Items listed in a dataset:
━━━━━━━━

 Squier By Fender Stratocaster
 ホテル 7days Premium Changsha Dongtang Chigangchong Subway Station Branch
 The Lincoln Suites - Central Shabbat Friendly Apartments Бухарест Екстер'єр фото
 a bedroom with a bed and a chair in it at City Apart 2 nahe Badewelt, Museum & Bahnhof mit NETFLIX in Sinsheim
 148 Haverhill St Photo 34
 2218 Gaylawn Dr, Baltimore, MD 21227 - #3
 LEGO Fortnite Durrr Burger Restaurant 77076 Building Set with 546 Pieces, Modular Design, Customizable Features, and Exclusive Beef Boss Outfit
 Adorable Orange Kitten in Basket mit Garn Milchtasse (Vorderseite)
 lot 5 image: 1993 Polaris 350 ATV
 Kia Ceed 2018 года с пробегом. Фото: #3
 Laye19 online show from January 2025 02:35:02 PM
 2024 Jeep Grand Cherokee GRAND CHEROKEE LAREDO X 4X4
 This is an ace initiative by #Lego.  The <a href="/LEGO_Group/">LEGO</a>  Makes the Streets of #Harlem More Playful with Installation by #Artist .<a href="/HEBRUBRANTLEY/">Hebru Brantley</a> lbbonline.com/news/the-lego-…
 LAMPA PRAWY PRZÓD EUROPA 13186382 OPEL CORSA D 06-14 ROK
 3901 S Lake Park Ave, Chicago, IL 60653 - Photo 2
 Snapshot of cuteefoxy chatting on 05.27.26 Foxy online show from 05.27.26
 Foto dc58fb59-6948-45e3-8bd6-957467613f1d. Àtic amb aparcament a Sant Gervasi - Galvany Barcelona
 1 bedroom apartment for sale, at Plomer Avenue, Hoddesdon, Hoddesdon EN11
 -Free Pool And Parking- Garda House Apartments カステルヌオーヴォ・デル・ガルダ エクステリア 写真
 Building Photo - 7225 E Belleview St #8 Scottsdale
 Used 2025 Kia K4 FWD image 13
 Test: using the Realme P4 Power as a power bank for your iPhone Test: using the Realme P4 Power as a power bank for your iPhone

━━━━━━━━

About this exercise:
Wherever the word "bedroom" turns up in the records, copy out the line it is on.

Solution to this problem:
 a bedroom with a bed and a chair in it at City Apart 2 nahe Badewelt, Museum & Bahnhof mit NETFLIX in Sinsheim
 1 bedroom apartment for sale, at Plomer Avenue, Hoddesdon, Hoddesdon EN11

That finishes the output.